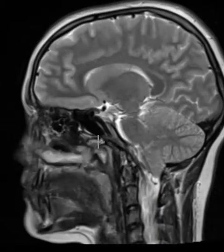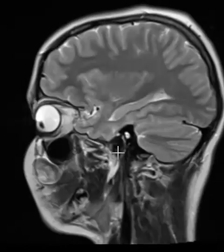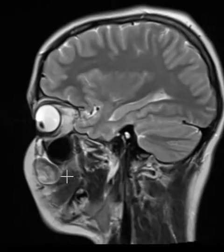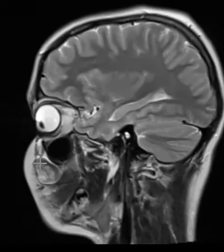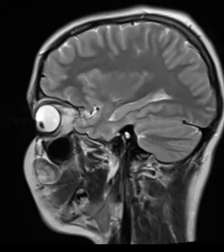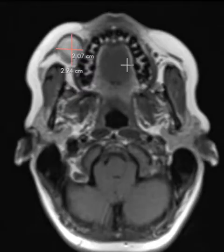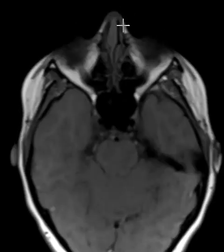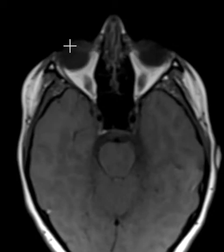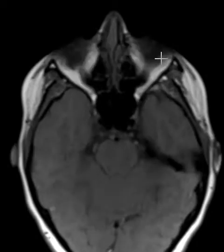Now we're going to go on to the face, and on the face we do see there is a sharply defined abnormality here in the right face. This is the soft tissue mass they feel clinically. When we do axial images like this, we can see the nose here, here's the right eye.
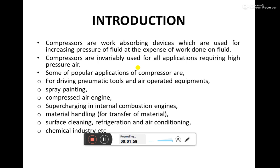There are numerous applications of compressors used nowadays. Some include the driving of pneumatic tools and other air-operated equipment for spray painting, supercharging and internal combustion engines, material handling, and surface cleaning. It is also used in refrigeration and air conditioning, and in chemical industries. You may have seen reciprocating compressors at service stations where air is filled into vehicle tires.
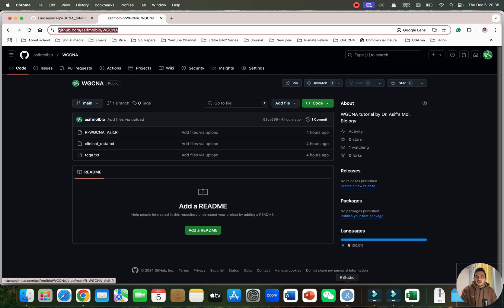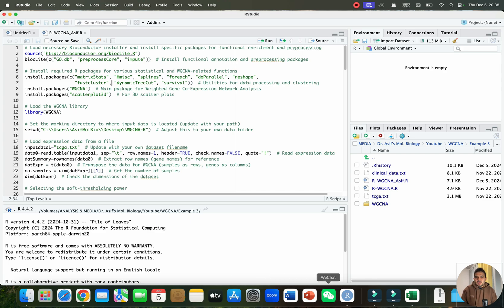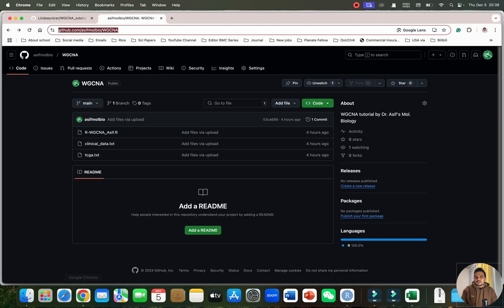This R script is special compared to others — it is relatively smaller, there are fewer errors, and you don't need to go through a long R script to perform WGCNA analysis. I have also uploaded the clinical data, which is actually the traits data.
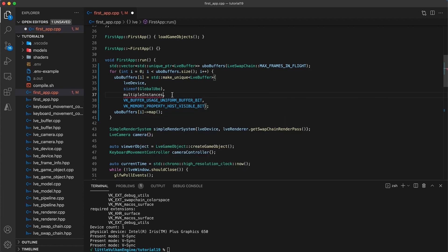So we'd still use a buffer per frame in that case, and each buffer would have a copy per instance.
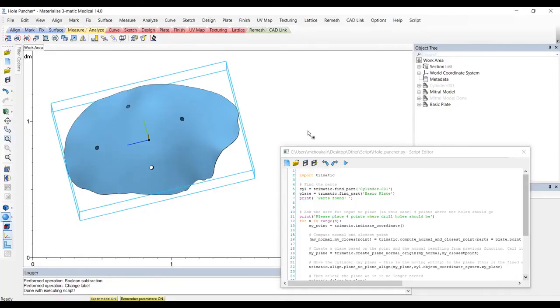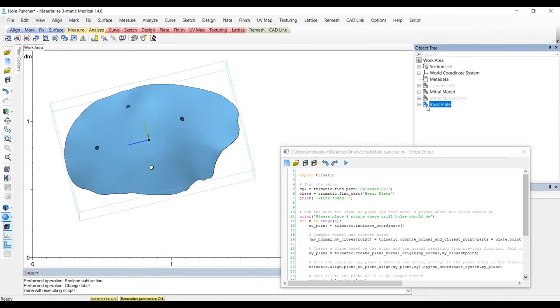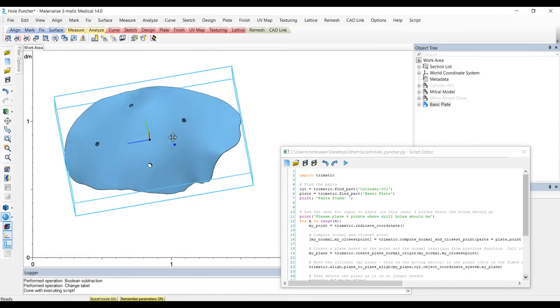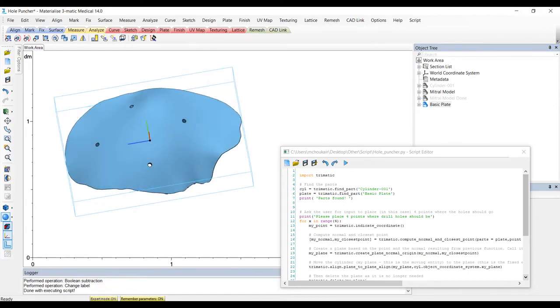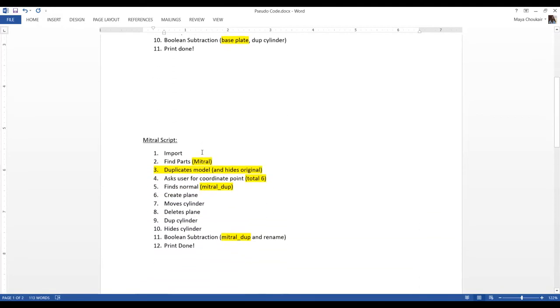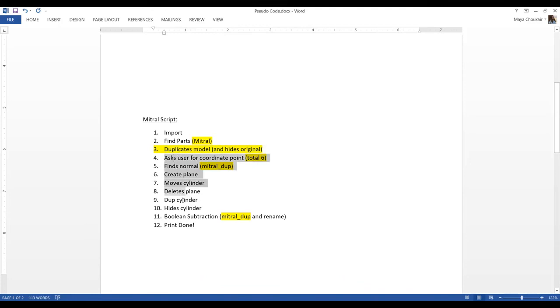And it looks like it did do what we were expecting. However, did you notice it didn't create a duplicate part, it kept the same name. For my application, I want to make sure I have an original just in case I want to go back before I created those holes. So let's make sure to add that step in our pseudocode. So here's our pseudocode for the mitral script. You'll see we'll have all of those changes. And I want to make that duplicate before we do any of these steps and work off of the duplicate model.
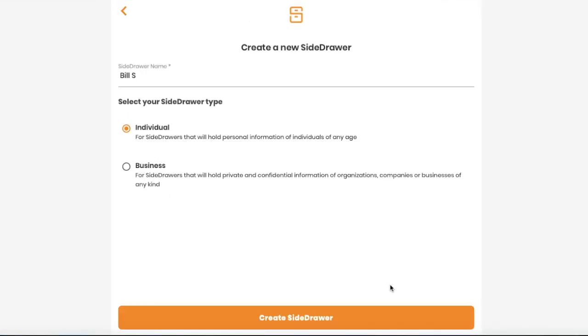All you need to do now is decide if your SideDrawer will be used for personal or professional reasons and then click create SideDrawer.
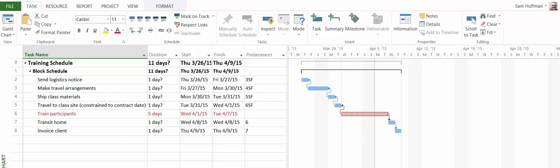What powers this technique is the start-to-finish sequence type. The project I am displaying is a simplified training schedule.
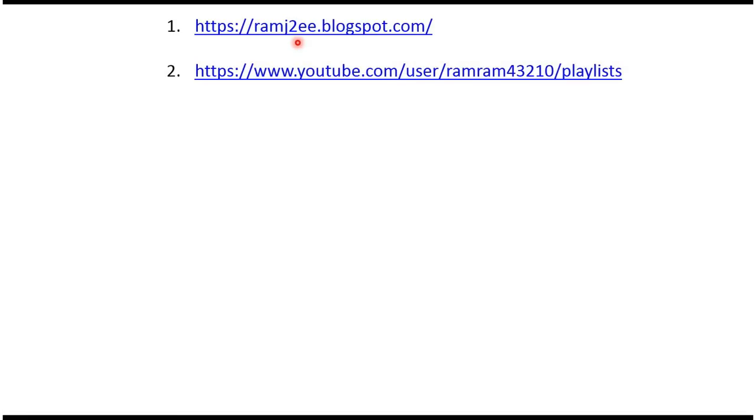You can find source code for each example in my blog, and you can find a playlist for each topic in this playlist link. From this video description you can get these links. Please check the description of this video.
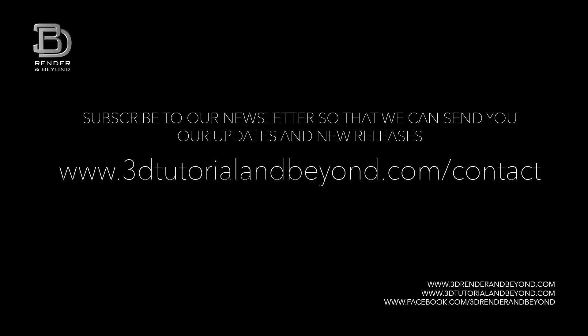Thank you for following our tutorial. If you want to stay updated with our tutorials and new releases, subscribe to our newsletter.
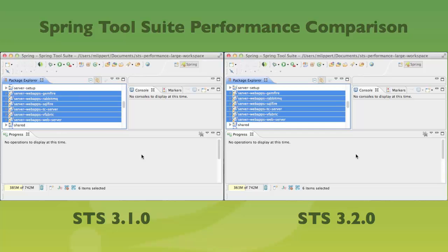Welcome everybody! This is Martin and I would like to showcase some of the performance improvements that we realized for the latest release of the Spring Tool Suite. I prepared a setup with a large workspace — this is not a toy project, it's a real big workspace. I have an STS 3.1.0 release version based on Eclipse 3.8 and an STS 3.2.0 release version on the right, also based on Eclipse 3.8.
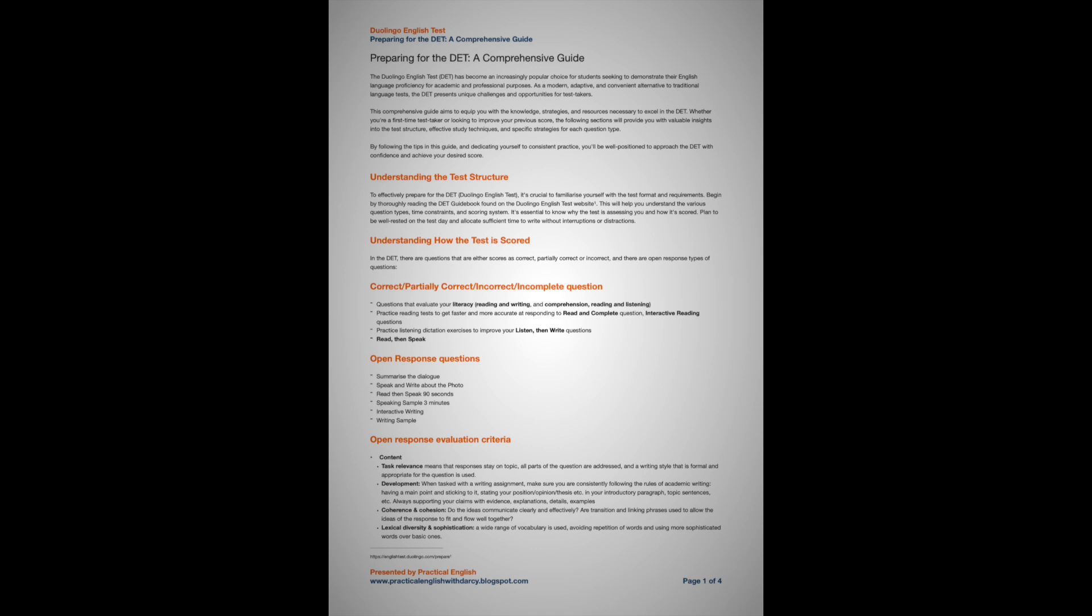On the DET, subscores are measuring integrated modalities, which basically means they're evaluating two language proficiency skills at once. So the four subscores on the DET are conversation, which measures your ability to speak and listen; comprehension, which measures your ability to read and listen; production, which measures your ability to speak and write; and literacy, which measures your ability to read and write. These are also evaluated on a scale from 10 to 160 in five-point increments. Pay attention to your university requirements because many universities are looking for an overall score as well as a requirement on each of the four subscores. It's important to note that the overall score is not a sum or average of the four subscores.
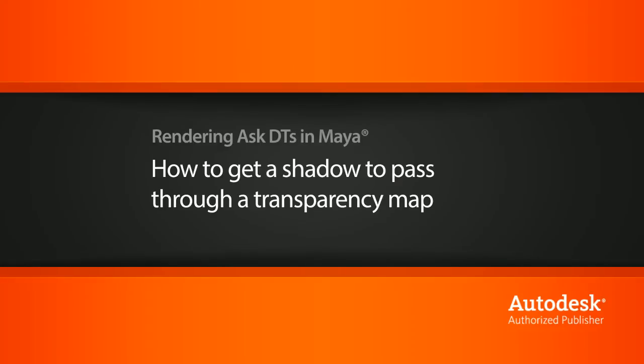Hi, my name is Dan and I'm one of the DT Evangelists here at Digital Tutors. In this video, we're going to look at a question from one of our users, TimerMapper, on how we can get shadows to pass through a transparency map when using the Mental Ray architectural material.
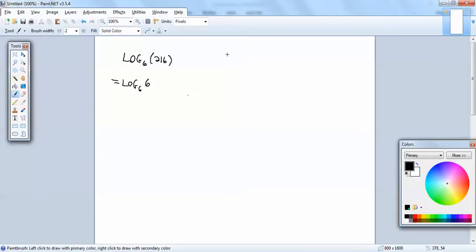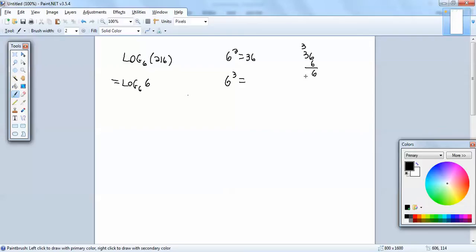Now 6 squared is 36, and 6 to the third is 216. So we can rewrite 216 as 6 to the third.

+ + +

**PROBLEM TO WORK ON:**
Once the line holding "Hi, my name" is found, set down that line and every line after it, exactly, through the last line of the records above, omitting pictures.

**COMPLETED EXERCISE:**
Hi, my name is Dan and I'm one of the DT Evangelists here at Digital Tutors. In this video, we're going to look at a question from one of our users, TimerMapper, on how we can get shadows to pass through a transparency map when using the Mental Ray architectural material.
Now 6 squared is 36, and 6 to the third is 216. So we can rewrite 216 as 6 to the third.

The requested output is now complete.